Re: Syncing multiple Archlinux machines

Thanks for referring to these projects, Like any developer I didn't like 1 design decision that most of the projects take: "using configuration file instead of a programming language" maybe as a developer I expected to write in a programming language instead of YAML or JSON or in case of decpac Luxem.

So I spent some time in the past week writing a simple DSL for myself that can manage packages, install AUR packages, enable services/timers.

And this is what I have so far https://github.com/emad-elsaid/archlinu … uration.rb

Here are some design decisions I made:

  • Functions will accumulate what it needs to do and do them in bulk together. so writing `package 'curl'` then `package 'wget'` doesn't mean it'll install curl then install wget. but it'll install them in one step.

  • If I didn't use a function it's not going to run. so `package` will install the packages you pass to it and remove packages that you didn't pass to it. but if you didn't use this function it will not manage your packages. that applies to all other functions. and this is because the first time you call the function it'll register the step to install/uninstall packages and not registered globally. so the functions that are not used are not considered at all.
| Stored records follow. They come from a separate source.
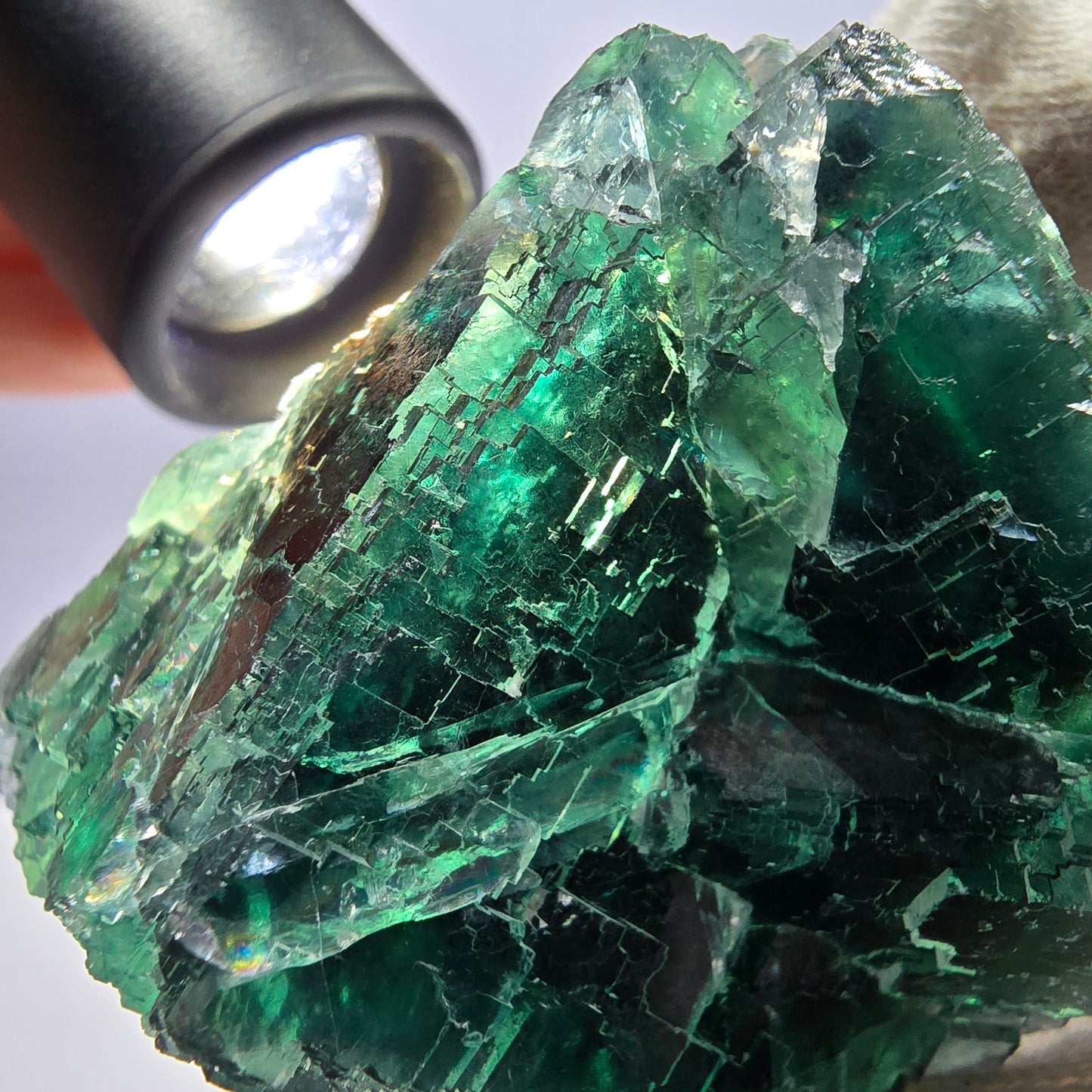 Cube de fluorite fantôme parqueté vert violet Okorusu Namibie 65*61*37mm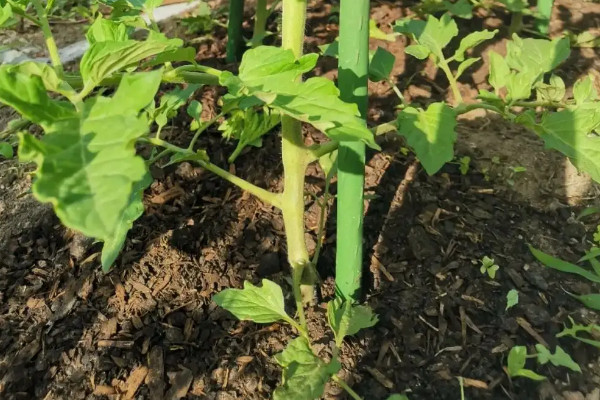 阳台种植西红柿的时间和方法步骤，阳台怎么种植西红柿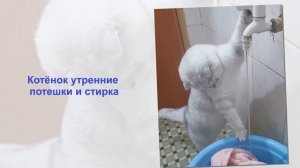 Котёнок утренние потешки и стирка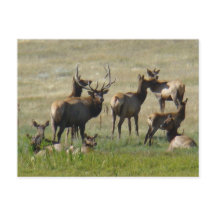E36 Bull Elk and Cows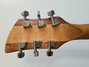 Rickenbacker 650/6 Dakota, Natural Walnut: Headstock - Rear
  • I went for a simple DSL similar to what the ruby community is used to.

  • because it's a ruby code you can include as many other methods you write as you wish. it's a ruby program that you run so that means you can use any ruby gem in your configuration or any function from the stdlib.

The project is very early and I broke my system once while developing it (removed all foreign packages by mistake). so please be careful if you decided to use it.